Probabilmente Matteo fa riferimento qui alla tradizione giudaica di Abram che dà ospitalità ai tre stranieri (cf. Gen 18,1-22). Secondo il midrash, offre loro da mangiare nonostante fosse convalescente per la sua circoncisione. Per questo suo gesto, Israele è salvato da Dio. Con questa descrizione e con le altre che seguono, Gesù, il Figlio dell’uomo, si raffigura come un uomo bisognoso di aiuto, e solo al v. 40 si apprende che questo stesso uomo è il “re”.
Commento alla Liturgia
Lunedì della I settimana di Quaresima
Prima lettura
Lv 19,1-2.11-18
1Il Signore parlò a Mosè e disse: 2"Parla a tutta la comunità degli Israeliti dicendo loro: "Siate santi, perché io, il Signore, vostro Dio, sono santo. 11Non ruberete né userete inganno o menzogna a danno del prossimo. 12Non giurerete il falso servendovi del mio nome: profaneresti il nome del tuo Dio.
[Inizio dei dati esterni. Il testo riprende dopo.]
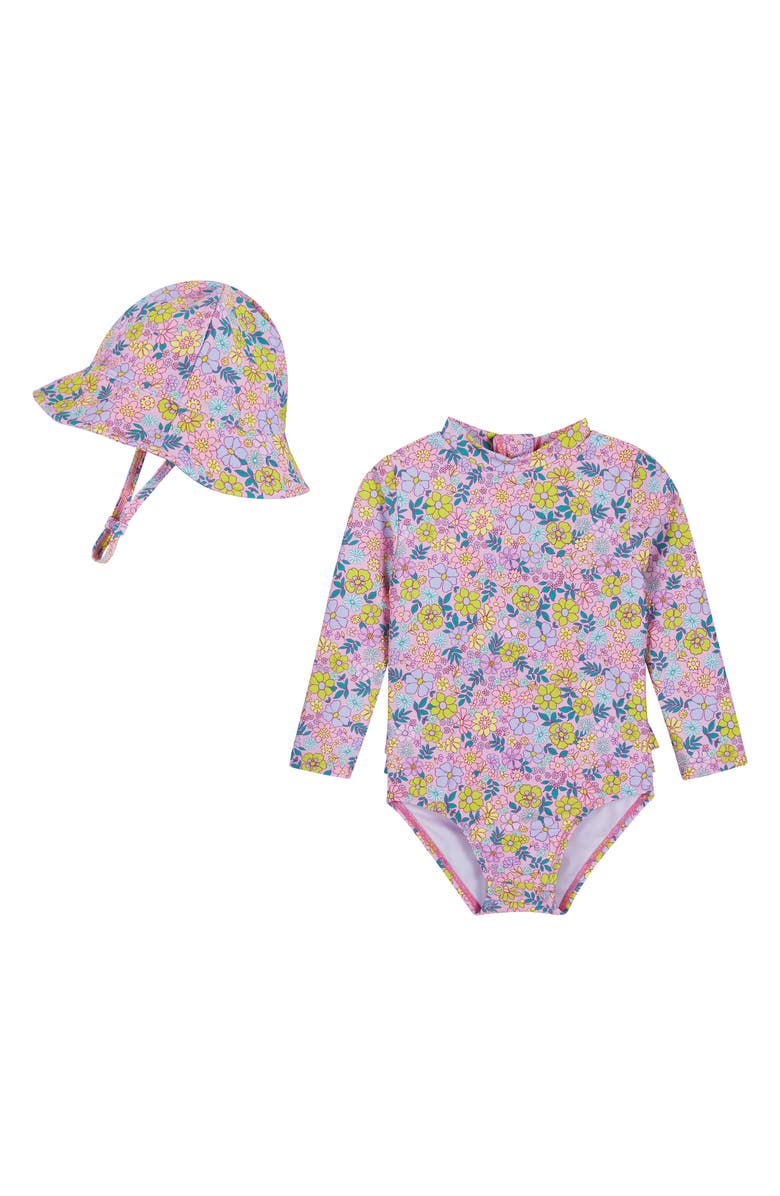 Andy & Evan Long Sleeve One-Piece Rashguard Swimsuit & Sun Hat Set, Main, color,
Io sono il Signore. 13Non opprimerai il tuo prossimo, né lo spoglierai di ciò che è suo; non tratterrai il salario del bracciante al tuo servizio fino al mattino dopo. 14Non maledirai il sordo, né metterai inciampo davanti al cieco, ma temerai il tuo Dio. Io sono il Signore. 15Non commetterete ingiustizia in giudizio; non tratterai con parzialità il povero né userai preferenze verso il potente: giudicherai il tuo prossimo con giustizia. 16Non andrai in giro a spargere calunnie fra il tuo popolo né coopererai alla morte del tuo prossimo. Io sono il Signore. 17Non coverai nel tuo cuore odio contro il tuo fratello; rimprovera apertamente il tuo prossimo, così non ti caricherai di un peccato per lui. 18Non ti vendicherai e non serberai rancore contro i figli del tuo popolo, ma amerai il tuo prossimo come te stesso. Io sono il Signore.
Salmo Responsoriale
Dal Sal 18 (19)
R. Le tue parole, Signore, sono spirito e vita.
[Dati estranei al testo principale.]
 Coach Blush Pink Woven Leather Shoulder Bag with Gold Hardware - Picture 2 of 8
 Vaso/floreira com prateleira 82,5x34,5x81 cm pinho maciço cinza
La legge del Signore è perfetta,
rinfranca l’anima;
la testimonianza del Signore è stabile,
rende saggio il semplice. R.
I precetti del Signore sono retti,
fanno gioire il cuore;
il comando del Signore è limpido,
illumina gli occhi. R.
Il timore del Signore è puro,
rimane per sempre;
i giudizi del Signore sono fedeli,
sono tutti giusti. R.
Ti siano gradite le parole della mia bocca;
davanti a te i pensieri del mio cuore,
Signore, mia roccia e mio redentore. R.
Vangelo
Mt 25,31-46
31Quando il Figlio dell'uomo verrà nella sua gloria, e tutti gli angeli con lui, siederà sul trono della sua gloria. 32Davanti a lui verranno radunati tutti i popoli. Egli separerà gli uni dagli altri, come il pastore separa le pecore dalle capre, 33e porrà le pecore alla sua destra e le capre alla sinistra. 34Allora il re dirà a quelli che saranno alla sua destra: "Venite, benedetti del Padre mio, ricevete in eredità il regno preparato per voi fin dalla creazione del mondo, 35perché ho avuto fame e mi avete dato da mangiare, ho avuto sete e mi avete dato da bere, ero straniero e mi avete accolto, 36nudo e mi avete vestito, malato e mi avete visitato, ero in carcere e siete venuti a trovarmi". 37Allora i giusti gli risponderanno: "Signore, quando ti abbiamo visto affamato e ti abbiamo dato da mangiare, o assetato e ti abbiamo dato da bere? 38Quando mai ti abbiamo visto straniero e ti abbiamo accolto, o nudo e ti abbiamo vestito? 39Quando mai ti abbiamo visto malato o in carcere e siamo venuti a visitarti?". 40E il re risponderà loro: "In verità io vi dico: tutto quello che avete fatto a uno solo di questi miei fratelli più piccoli, l'avete fatto a me". 41Poi dirà anche a quelli che saranno alla sinistra: "Via, lontano da me, maledetti, nel fuoco eterno, preparato per il diavolo e per i suoi angeli, 42perché ho avuto fame e non mi avete dato da mangiare, ho avuto sete e non mi avete dato da bere, 43ero straniero e non mi avete accolto, nudo e non mi avete vestito, malato e in carcere e non mi avete visitato". 44Anch'essi allora risponderanno: "Signore, quando ti abbiamo visto affamato o assetato o straniero o nudo o malato o in carcere, e non ti abbiamo servito?". 45Allora egli risponderà loro: "In verità io vi dico: tutto quello che non avete fatto a uno solo di questi più piccoli, non l'avete fatto a me". 46E se ne andranno: questi al supplizio eterno, i giusti invece alla vita eterna".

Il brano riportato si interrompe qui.